At the beginning of October, Hitler finally renounced the
earlier plan for the Germans to hold northern Lapland and ordered the 20th
Mountain Army to pull out into Norway. He was prompted to do this by
difficulties in maintaining supplies to the German forces as well as by the
realization that the nickel from Pechenga was no longer indispensable to the
German war economy. The Germans might have left northern Finland without a
fight, but this did not suit the Russians. The phoney war that the Finns were
conducting in the north was glaringly at odds with the terms of the armistice
agreement, and it placed the whole country in jeopardy. The Allied Control
Commission, which had arrived in Finland at the end of September, intervened
sharply and demanded effective measures against the Germans. Finally, on 30
September, the acting Chairman of the Control Commission, Lieutenant-General
Savonenkov, presented the Finns with a direct ultimatum. The Finns had now got
their troops into position in northern Finland and Mannerheim ordered their
commander, General Hjalmar Siilasvuo, to do something spectacular enough to
satisfy the Russians. `The fate of Finland now rests on the shoulders of the
general!' he said.
The Finns' war against the Germans began with Siilasvuo's
daring landing behind German lines at Tornio on 1 October. His advance
northwards was slow, however, as the Germans blew up the bridges and mined the
roads. In this they no longer showed any scruples, and they also burned down
all dwellings. Soviet troops did not take part in the war operations conducted
on Finnish soil. On the other hand, they did launch an offensive of their own
on the coast of the Barents Sea, taking Pechenga and advancing into northern
Norway. By the end of the year, the Germans had withdrawn from Finnish
territory completely, apart from the extreme north-western corner. The Finns
were left with a devastated Lapland, which only slowly came back to life as the
population returned to their burned villages.
Finland succeeded in making peace much more easily and with
less damage than the other states that had fought alongside Germany.

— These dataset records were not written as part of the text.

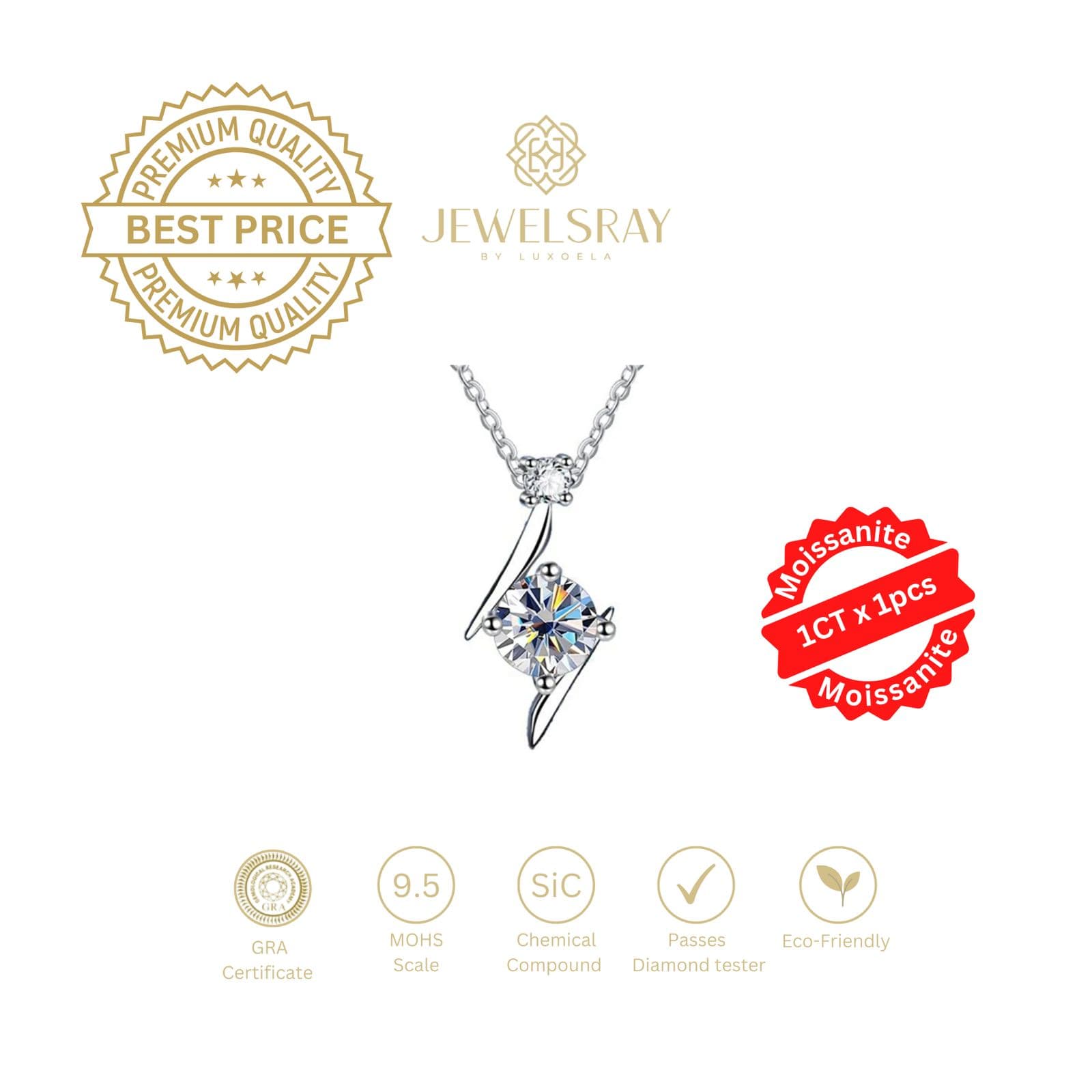 Kalung Leora Moissanite Necklace Perhiasan Elegant Fancy Diamond Look Jewelry Kawin Tunangan Wedding Engagement Lamaran Married Bridal Jewelsray Luxoela Intan Permata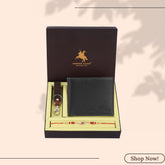 LONDON ALLEY Rakhi Gift Hamper for Brother - Men's Brown Leather Wallet, Brown Keyring and Rakhi Combo Gift Set for Brother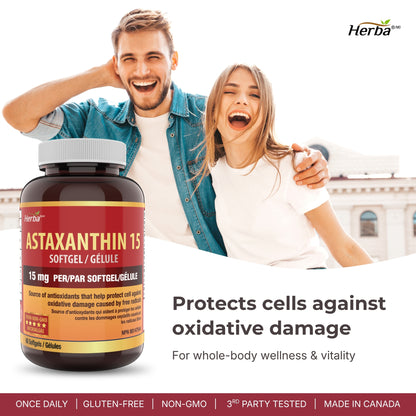 Astaxanthin Supplement 15mg - 60 Softgels | Made in Canada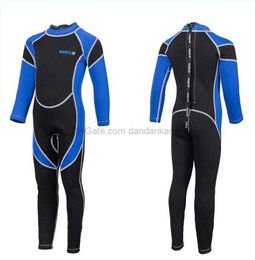 Neoprene 2.5mm Diving wetsuits children teengaer Surfing Suit thermal Wetsuit Snorkeling suit Long Sleeve Full Body underwater water sports suits set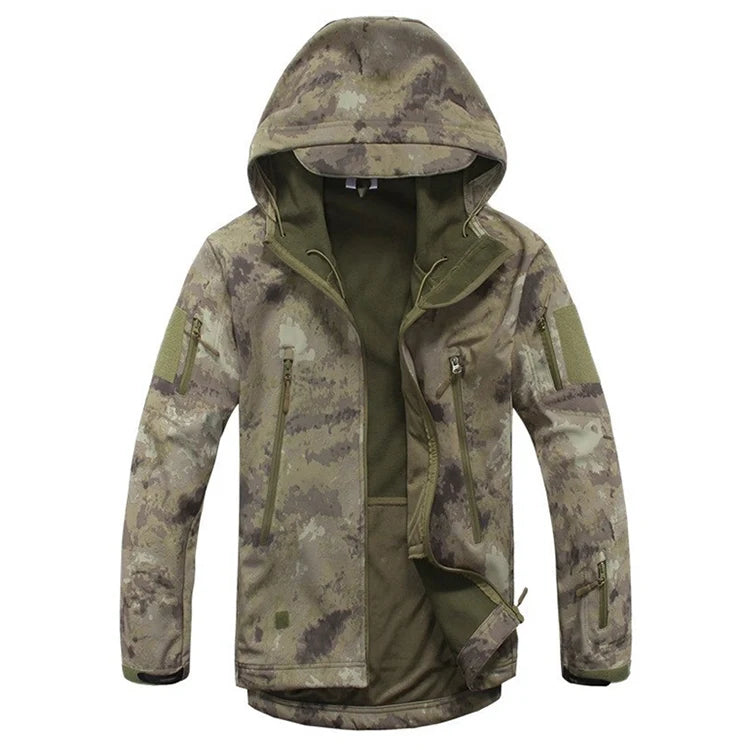 Lurker Soft Shell Camouflage Jacket Men Waterproof Hunting Clothing Warm Camo Tactical Jackets Outdoor Combat Hoodie Coat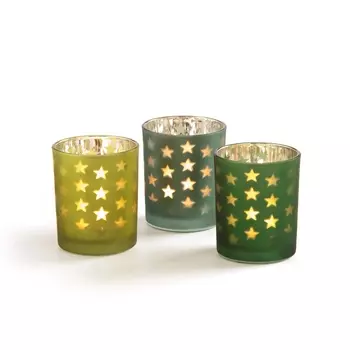 3 подсвечника из стекла с рисунком звезда CASPAR
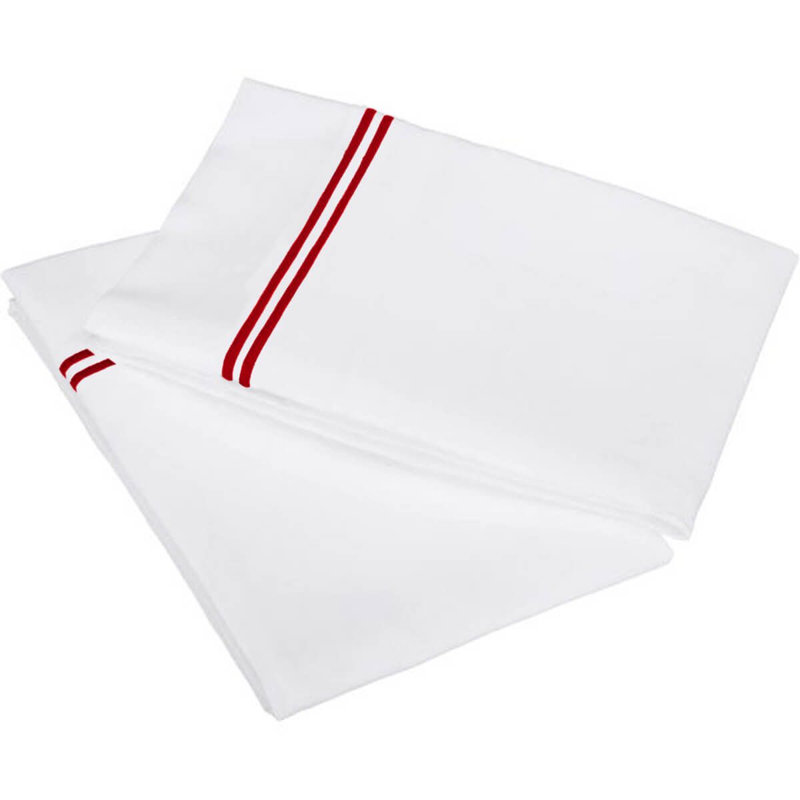 400TC Double Embroidery Cotton Sateen Pillowcases (Set Of 2), White/Burgundy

The Soviet
Union occupied Romania and Bulgaria in its prosecution of the war, Hungary
remained a theatre of war for a long time, and in the end it, too, was occupied
by the Soviet Union. All three ended up with communist regimes as a result of
the occupation. Finland never became a field of battle between the great
powers, and it was never occupied. Losses among the civilian population were
small, and the major centres of population and industry together with the road
and rail network survived intact, except in Lapland. However, in the autumn of
1944, the Finns were prepared for the worst. Surrender was out of the question.
The army prepared to continue the struggle by means of guerrilla warfare if the
country was occupied. Under cover of the darkness of autumn, intelligence
personnel, technical equipment and files were shipped to Sweden, and arms for
nearly 35,000 men were hidden in caches around the country.
The USSR indeed threatened to occupy Finland if it did not
comply with the armistice conditions. However, Stalin probably thought that the
armistice was enough to secure Soviet interests in Finland. The Soviet Union
held all the trump cards. Above all, it had the base in Porkkala. The central
part of the `Sea Fortress of Peter the Great', which had been built in the last
years of the Czars to defend the capital of the empire, was constituted by the
heavy gun emplacements in Porkkala and on the Estonian coast, which could close
off access to the Gulf of Finland by means of cross-fire. Porkkala was to serve
the same purpose again in 1944. And just as in the days of the last czar, the
Russian coastal fortifications had another function: to curb the unreliable
Finns, whose capital was now within the range of their heavy guns.
Although the immediate threat of occupation had been
avoided, the post-war situation frightened many Finns. The communists would
come out into the open. They would be able to take advantage of the people's
economic plight and their frustration at defeat in the war. `From now on,
Aaltonen is the commander-in-chief', Mannerheim is reported to have said.
Aleksi Aaltonen was the Social Democratic Party Secretary. The battle would go
on, but the front line would now be inside the borders of the country.